▶ _About this exercise_
In the entries below, find the line containing "fila disruptor ii premium sneakers" and the line containing "Кожаные кеды suede bloc wtformstripe PUMA разноцветного". Copy those two lines and everything between them exactly, and only that.

▶ _Material for this task_
• • • •

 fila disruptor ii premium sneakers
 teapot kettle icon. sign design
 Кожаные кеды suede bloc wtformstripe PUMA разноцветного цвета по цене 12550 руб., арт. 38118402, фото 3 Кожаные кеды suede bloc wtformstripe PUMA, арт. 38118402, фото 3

• • • •

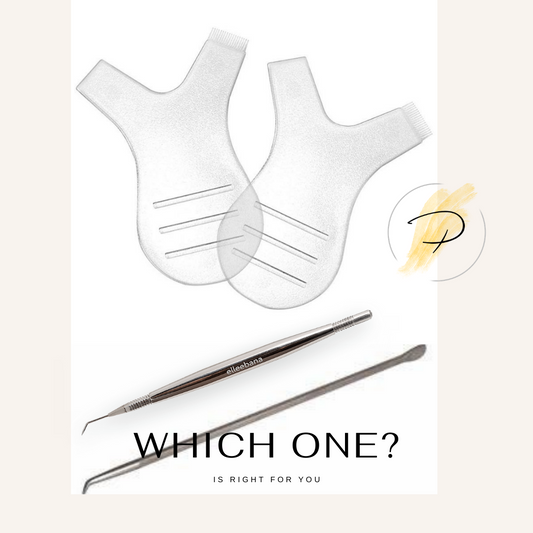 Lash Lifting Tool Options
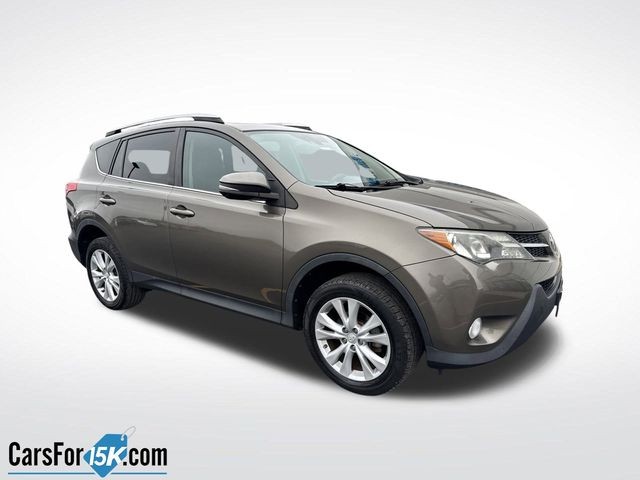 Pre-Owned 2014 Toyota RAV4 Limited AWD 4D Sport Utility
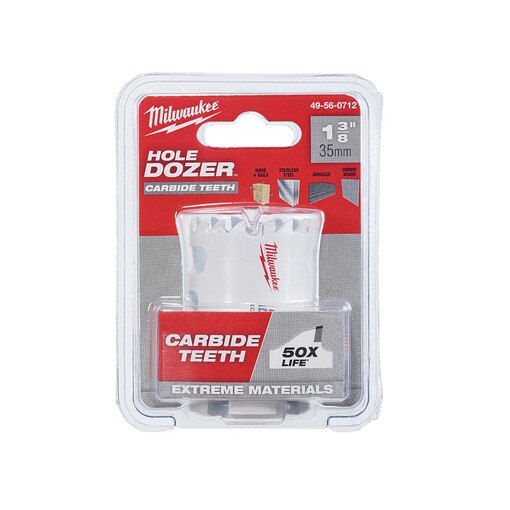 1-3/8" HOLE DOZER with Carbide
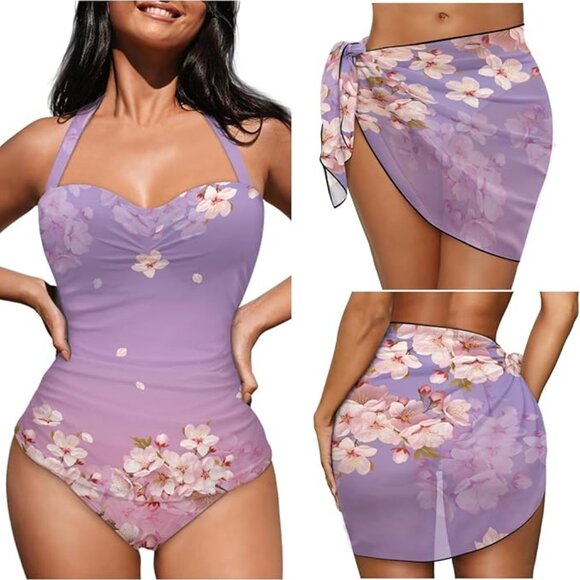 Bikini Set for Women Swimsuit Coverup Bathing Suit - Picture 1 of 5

• • • •

▶ _Task answer_
 fila disruptor ii premium sneakers
 teapot kettle icon. sign design
 Кожаные кеды suede bloc wtformstripe PUMA разноцветного цвета по цене 12550 руб., арт. 38118402, фото 3 Кожаные кеды suede bloc wtformstripe PUMA, арт. 38118402, фото 3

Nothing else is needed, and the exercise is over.